Mitsubishi clings to tradition in face of change

By Chester Dawson

TOKYO (AP): Life-time employment. Seniority-based promotions.
Cozy ties between member firms. The Mitsubishi group's
traditional ways of doing business were hailed in the 1980s as
the keys to rocketing to the pinnacle of Japan Inc. -- and world
industry.

Those traditions have earned Mitsubishi a darker reputation in
the 1990s: stick in the mud.

As Japan searches desperately for an escape hatch out of its
deepest recession since World War II, the venerable Mitsubishi
empire has emerged not as a symbol of success, but a lesson in
what's wrong with the Japanese way of doing things.

"The changes facing the Japanese economy are not short-term,
but structural, so the Mitsubishi group is pulling Japan back by
sticking to old ways," said Hiroshi Okumura, a professor in the
business studies department at Tokyo's Chuo University.

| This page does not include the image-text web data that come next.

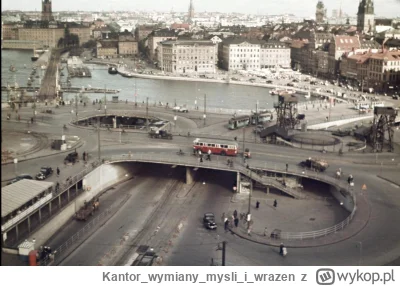Kantorwymianymysliiwrazen - Chyba Praha, ale pewna nie jestem, Autobus "czerwoniak", ...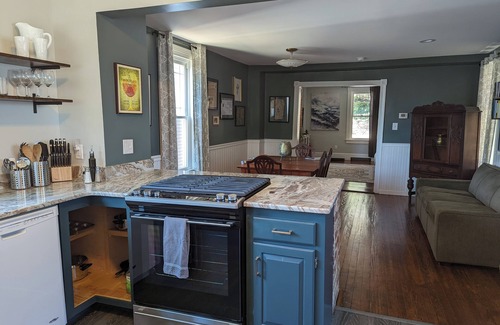 Brunswick House | The Roots & River Guest House in Brunswick's Historic Downtown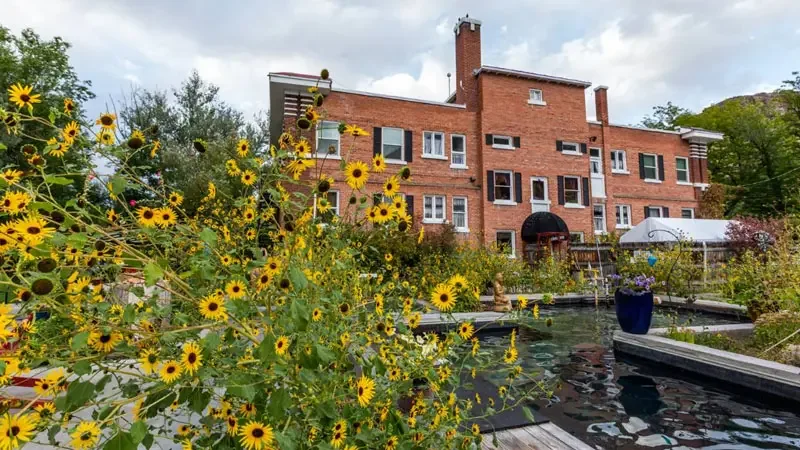 Lava Hot Springs Inn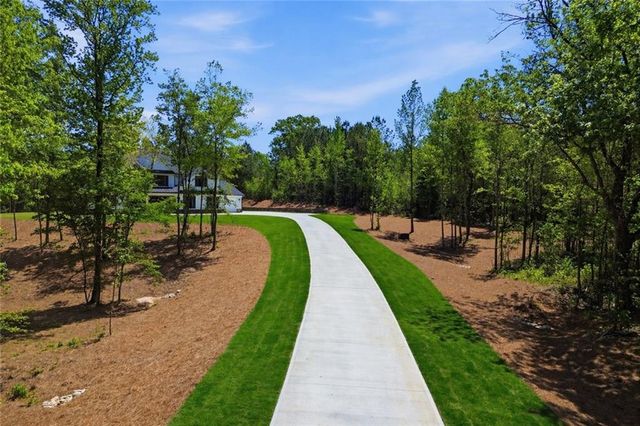 466 Mt Olive Church Lane, White, GA 30184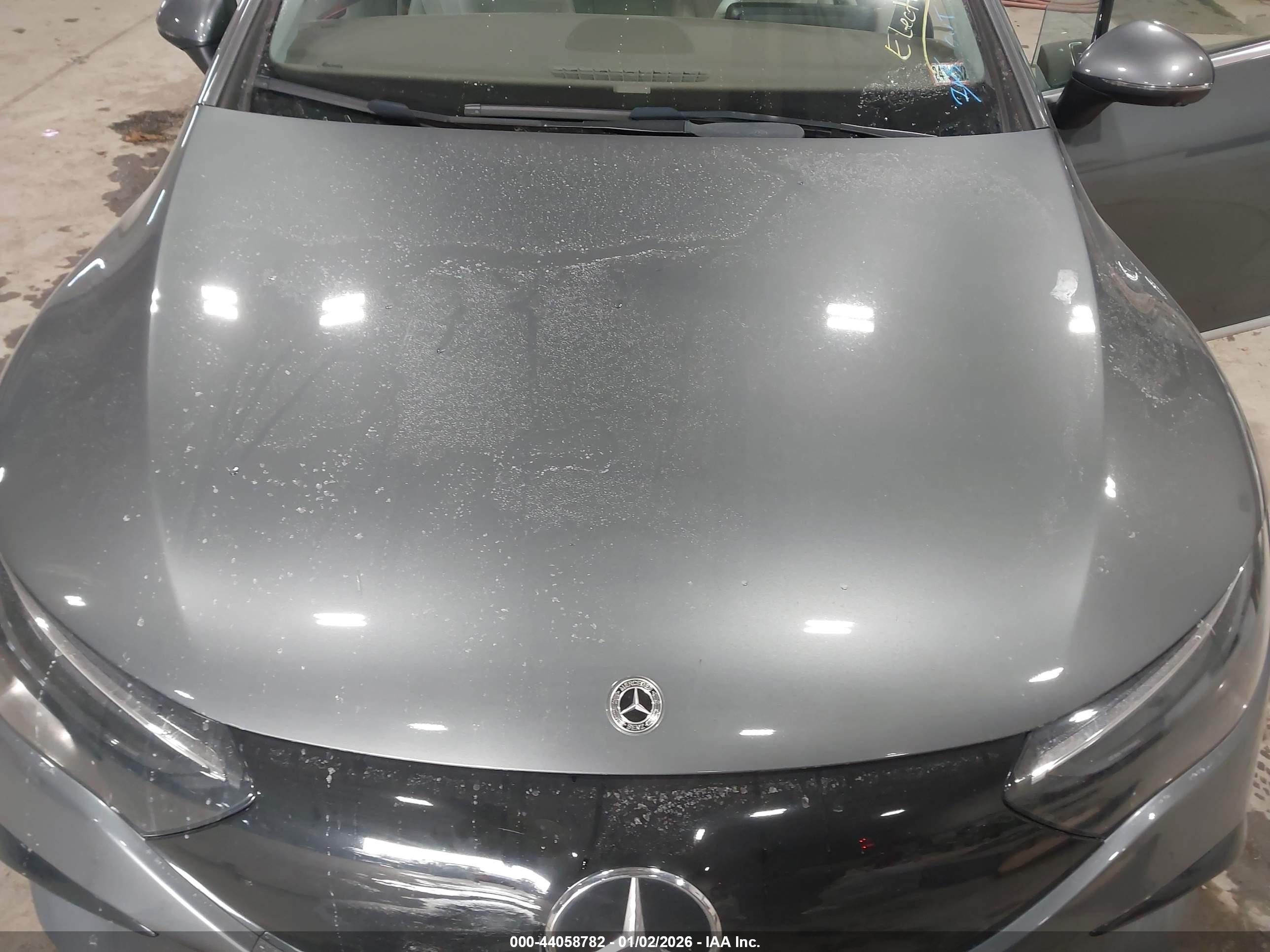 MERCEDES-BENZ EQE image 10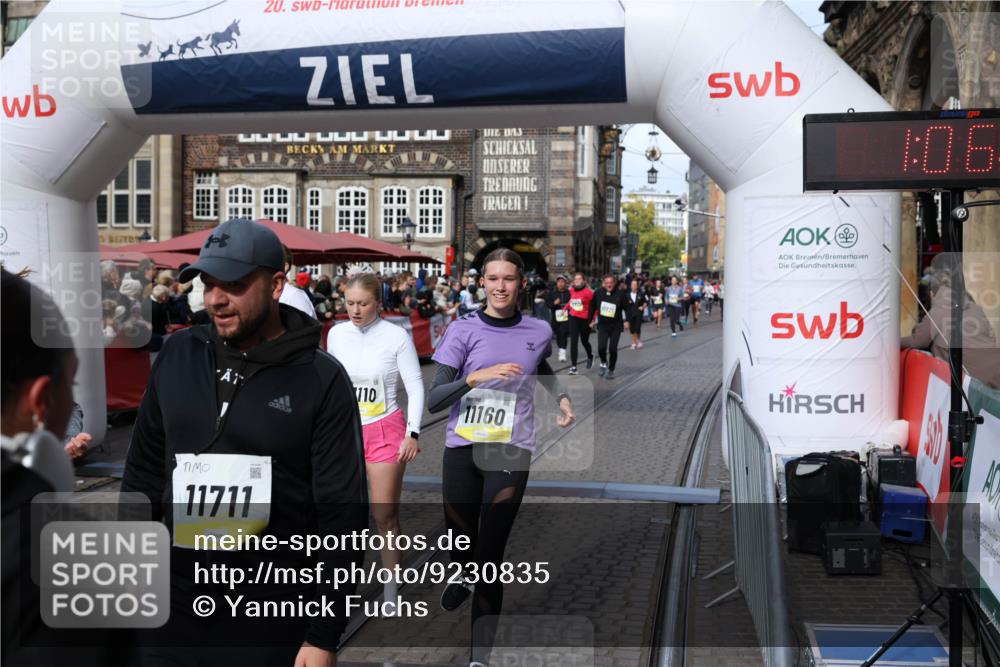 05.10.2025 - 20. swb-Marathon Bremen Yannick Fuchs http://msf.ph/oto/9230835 05.10.2025 11:02:42 Ziel 9468, 9647, 9707, 9802, 9839, 10033, 10595, 10598, 10615, 10825, 11110, 11160, 11537, 11538, 11711 meine-sportfotos.de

At Mitsubishi, the signs of malaise are in the ledger.

Japan's slide into recession has brought a drop in profits and
revenue at most Mitsubishi firms, including Mitsubishi Electric
Corp., Mitsubishi Motors Corp. and Nikon Corp. Only four of the
group's 25 core companies with publicly traded shares posted
increases in profit and sales for the fiscal year ended in March.

The group, made up of companies with large stakes in each
other, was dismembered after World War II. Mitsubishi was rebuilt
in the decades after the war, and now faces its toughest
challenges since grappling with the oil shocks of the 1970s.

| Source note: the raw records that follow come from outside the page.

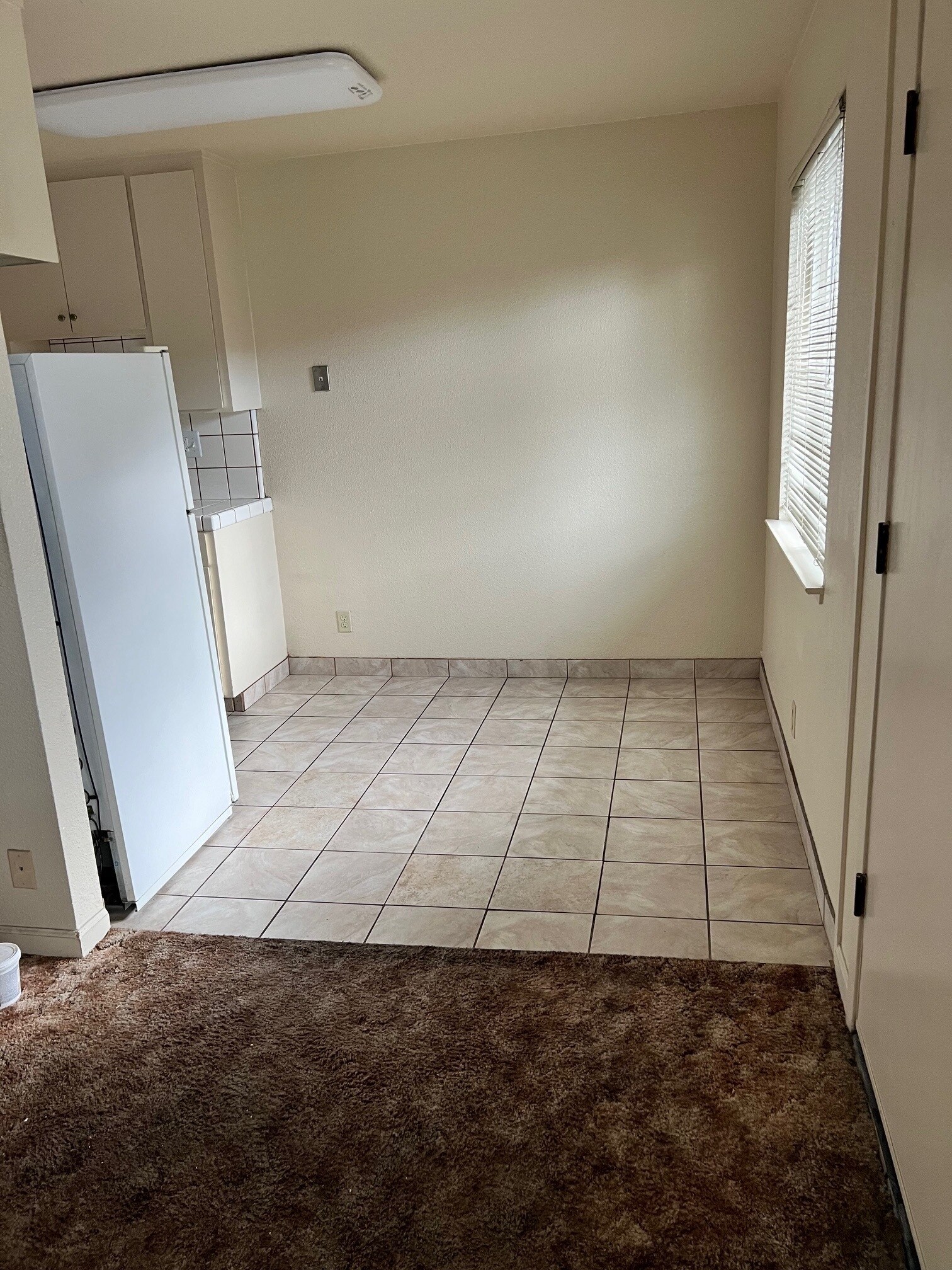 Building Photo - 224 Eastside Dr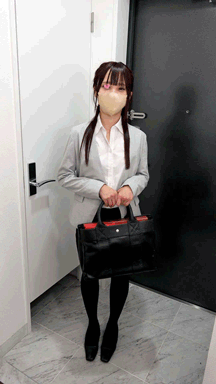 美人生保レディのおっぱいパンティー見せ～美乳美人の保険営業～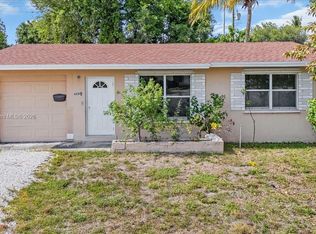 6209 Dawson St, Hollywood, FL 33023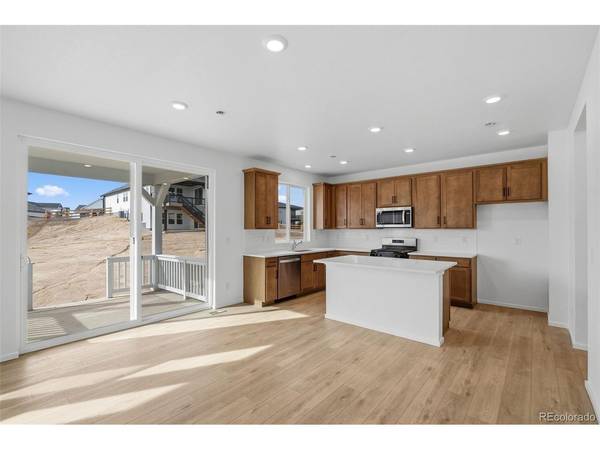 694 Stillwell, Elizabeth, CO 80107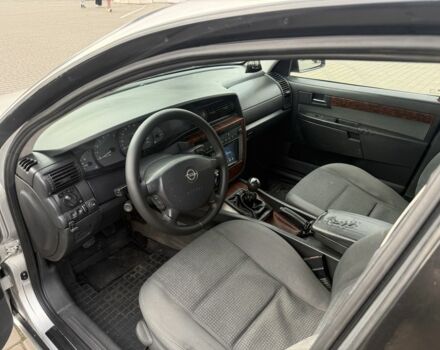 Сірий Опель Омега, об'ємом двигуна 2.5 л та пробігом 192 тис. км за 2800 $, фото 3 на Automoto.ua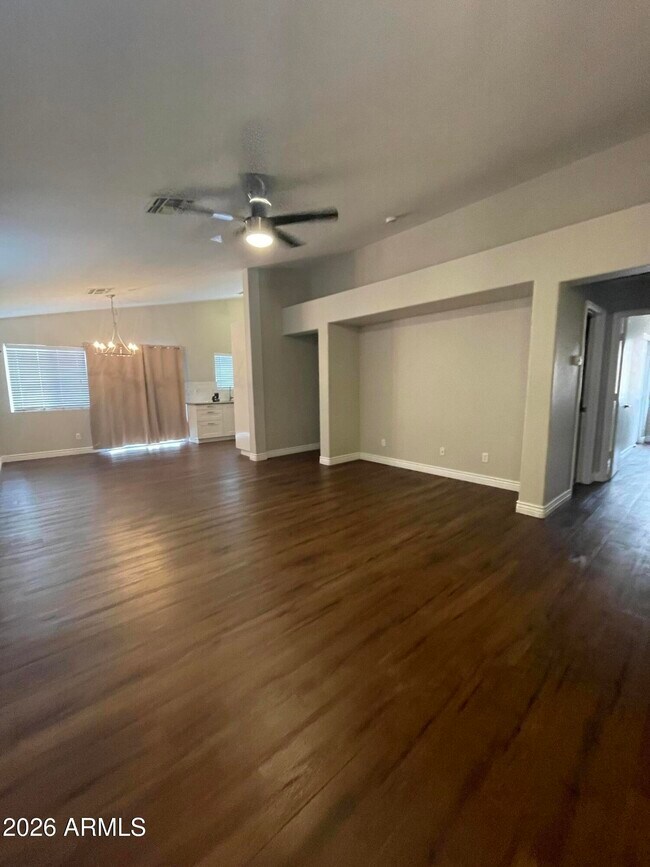 Building Photo - 13589 W Ocotillo Ln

"The crisis which confronts the Mitsubishi group is much more
serious than it was 20 or 30 years ago," said Minoru Makihara,
chairman of Mitsubishi Corp., a trading house at the center of
the group.

That's quite a blow for Mitsubishi, whose core companies
oversee more than 250,000 workers in firms with combined earnings
of roughly 30 trillion yen (US$216 billion) -- larger than the
entire economy of Austria.

Making products ranging from beer to rocket engines, the
Mitsubishi group has grown in tandem with Japan's transformation
from a feudal backwater in the 19th century into the world's
second-largest economy.

Just a few years ago, Mitsubishi seemed an emblem of the
Japanese challenge to corporate America. But the group's fortunes
peaked not long after its real estate arm, Mitsubishi Estate Co.,
snapped up Rockefeller Center in 1989. That jewel in the group's
crown was sold off -- at a loss -- seven years later as Japan's
economic miracle unraveled.

The economy is not coming back anytime soon. In a report
issued in July, Japan's Economic Planning Agency warned of a
marked decline in industrial labor productivity -- and called for
overhauling the traditional employment and management models
which have been championed by Mitsubishi.

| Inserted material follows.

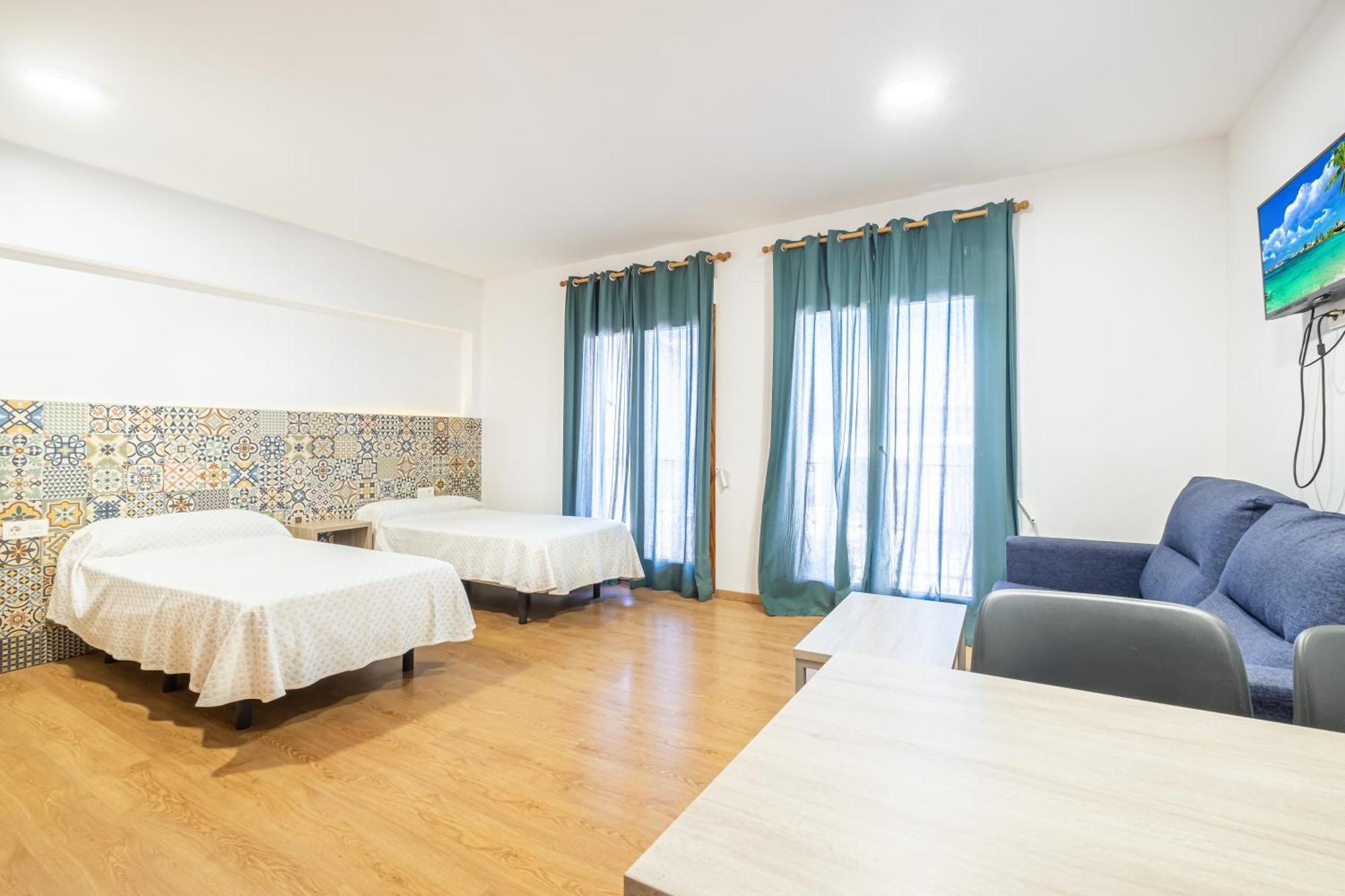 Apartamentos El Castell (Adults Only) Benidorm Bagian luar foto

At issue are the paternalistic business practices
characteristic of much of Japan Inc.: cooperation among related
firms and cradle-to-grave benefits for loyal workers. Mitsubishi
even runs a matchmaking service for its employees named after its
distinctive red trademark -- the "Diamond Family Club."

Among the staunchest defenders of Mitsubishi's conservative
style is Kentaro Aikawa, chairman of Mitsubishi Heavy Industry
Ltd. and de facto head of the group. He recently earned the
enmity of shareholders by speaking out publicly in favor of
putting company jobs ahead of profits.

Coming from a business baron those remarks sound odd. But they
are very much in line with the corporate principles laid down by
Yataro Iwasaki, the scion of a samurai clan who founded
Mitsubishi in 1873.

Once nurtured by government subsidies, Mitsubishi has long
harbored a commitment to broad national interests. Iwasaki's zeal
for public service is enshrined in the first of the group's
business principles: corporate responsibility to society.
Still, the fabled unity of Mitsubishi has begun to fray.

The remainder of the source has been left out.